* **What you should do**: The response should be an exact copy of the records, with the pictures removed.

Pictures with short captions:
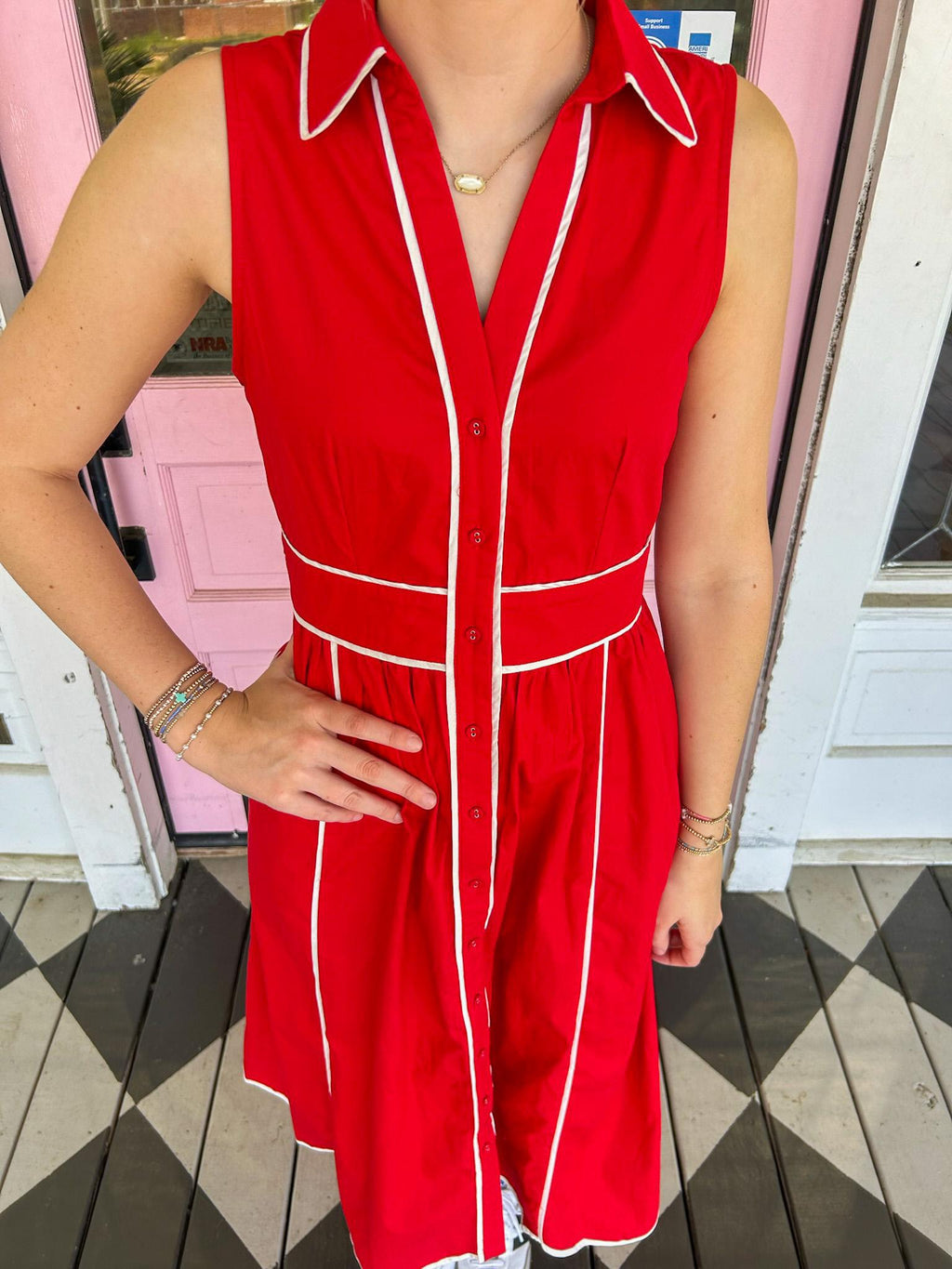 The Raigan Red Midi Dress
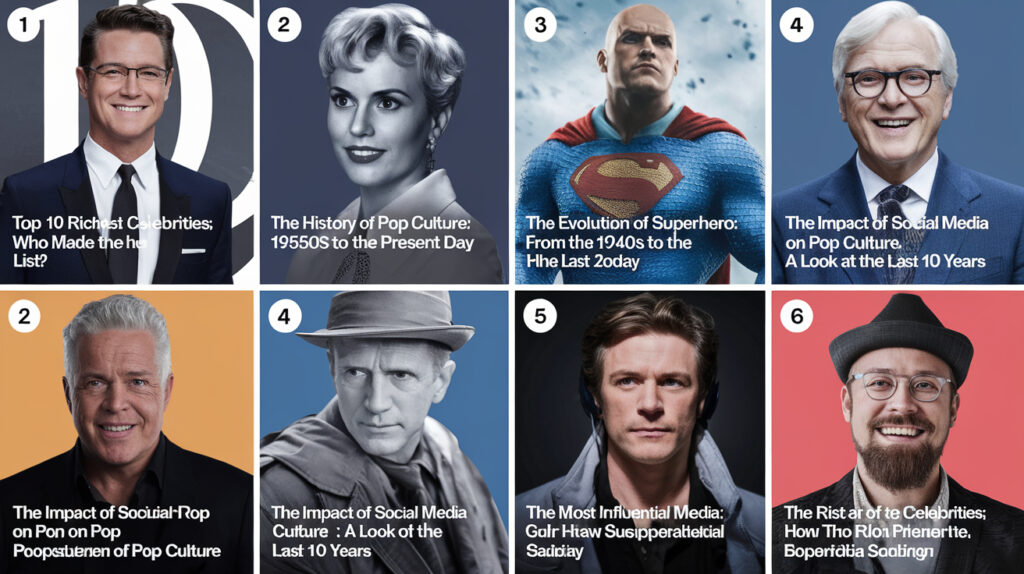Top 10 Richest Celebrities: Who Made the List?" - a blog post about the top 10 richest celebrities. 2. "The History of Pop Culture: From the 1950s to the Present Day" - a blog post about the history of pop culture. 3. "The Evolution of the Superhero: From the 1940s to Today" - a blog post about the evolution of the superhero. 4. "The Impact of Social Media on Pop Culture: A Look at the Last 10 Years" - a blog post about the impact of social media on pop culture. 5. "The Most Influential Pop Culture Icons of the 21st Century" - a blog post about the most influential pop culture icons of the 21st century. 6. "The Rise of Streaming Services: How They Changed the Entertainment Industry" - a blog post about the rise of streaming services and how they changed the entertainment industry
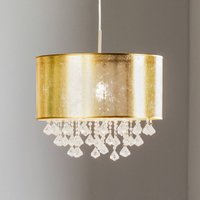 Globo Pendellampa Amy med plastkristaller, guld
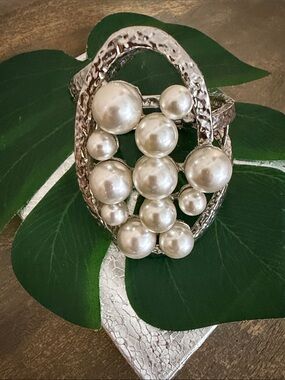 Silver Pearl Cluster Statement Bracelet
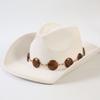 Popular European and American retro suede western denim hat men's and women's fashion classic western denim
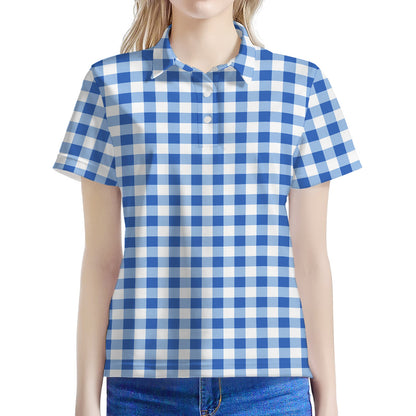 Sapphire Blue Check Pattern Print Women's Polo Shirt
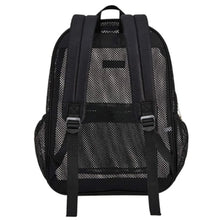 Carica l&#39;immagine nel visualizzatore di Gallery, Black Mesh Backpack with Padded Shoulder Straps Beach Knapsack q53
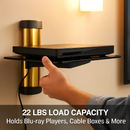 Floating Wall Mounted Strengthened Tempered Glass Shelf for DVD Cable Boxes by LJGDeals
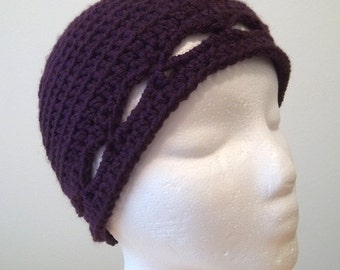 Hat - Crochet Clochet for Spring - Color Eggplant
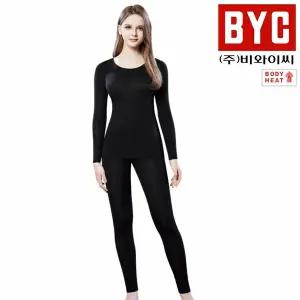 [BYC] 보디히트 심플 여성 상하셋트 발열내복 내의 블랙 S1040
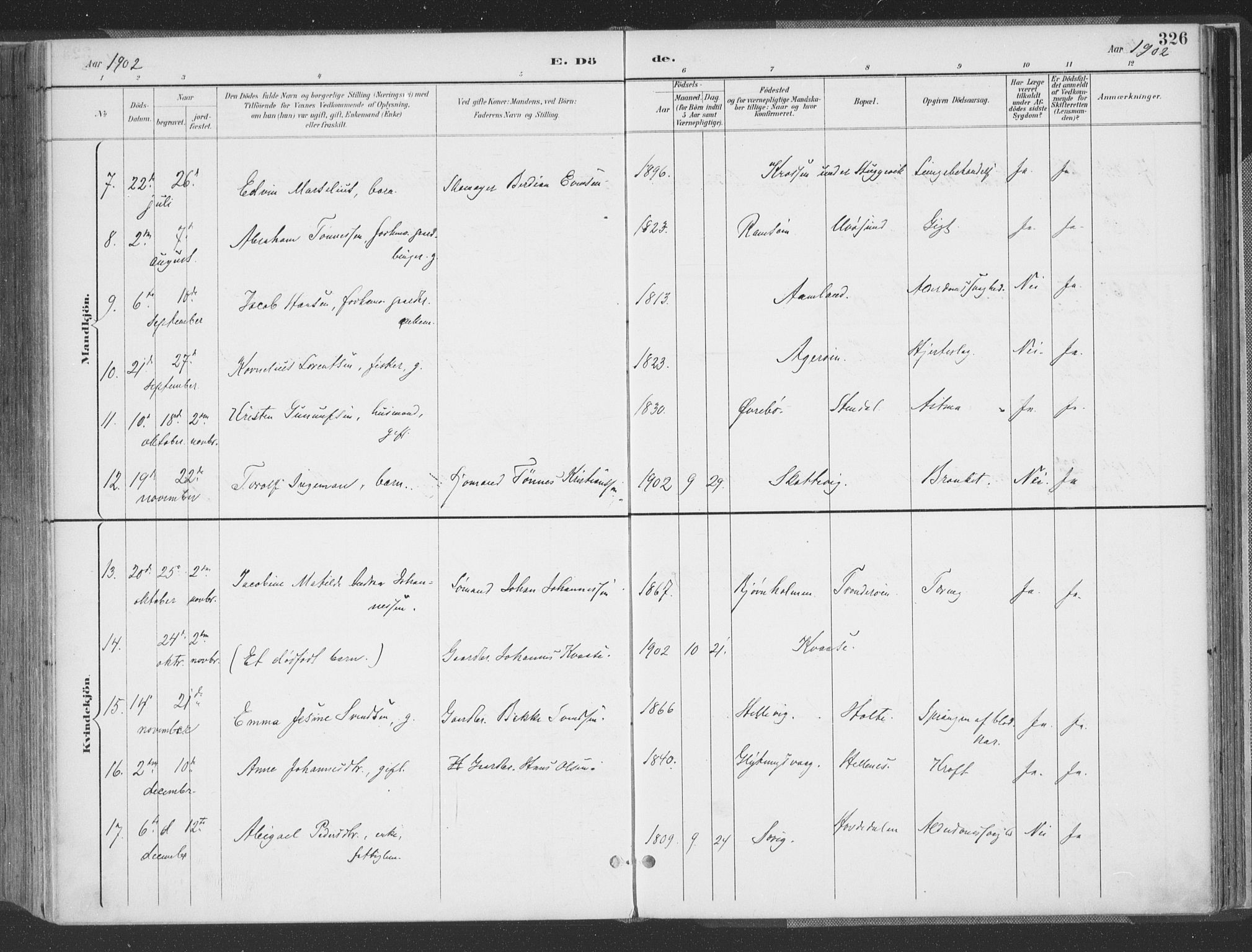 Høvåg sokneprestkontor, AV/SAK-1111-0025/F/Fa/L0006: Parish register (official) no. A 6, 1894-1923, p. 326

* **Result for this exercise**:
 The Raigan Red Midi Dress
Top 10 Richest Celebrities: Who Made the List?" - a blog post about the top 10 richest celebrities. 2. "The History of Pop Culture: From the 1950s to the Present Day" - a blog post about the history of pop culture. 3. "The Evolution of the Superhero: From the 1940s to Today" - a blog post about the evolution of the superhero. 4. "The Impact of Social Media on Pop Culture: A Look at the Last 10 Years" - a blog post about the impact of social media on pop culture. 5. "The Most Influential Pop Culture Icons of the 21st Century" - a blog post about the most influential pop culture icons of the 21st century. 6. "The Rise of Streaming Services: How They Changed the Entertainment Industry" - a blog post about the rise of streaming services and how they changed the entertainment industry
 Globo Pendellampa Amy med plastkristaller, guld
 Silver Pearl Cluster Statement Bracelet
 Popular European and American retro suede western denim hat men's and women's fashion classic western denim
 Sapphire Blue Check Pattern Print Women's Polo Shirt
 Carica l&#39;immagine nel visualizzatore di Gallery, Black Mesh Backpack with Padded Shoulder Straps Beach Knapsack q53
 Floating Wall Mounted Strengthened Tempered Glass Shelf for DVD Cable Boxes by LJGDeals
 Hat - Crochet Clochet for Spring - Color Eggplant
 [BYC] 보디히트 심플 여성 상하셋트 발열내복 내의 블랙 S1040
 Høvåg sokneprestkontor, AV/SAK-1111-0025/F/Fa/L0006: Parish register (official) no. A 6, 1894-1923, p. 326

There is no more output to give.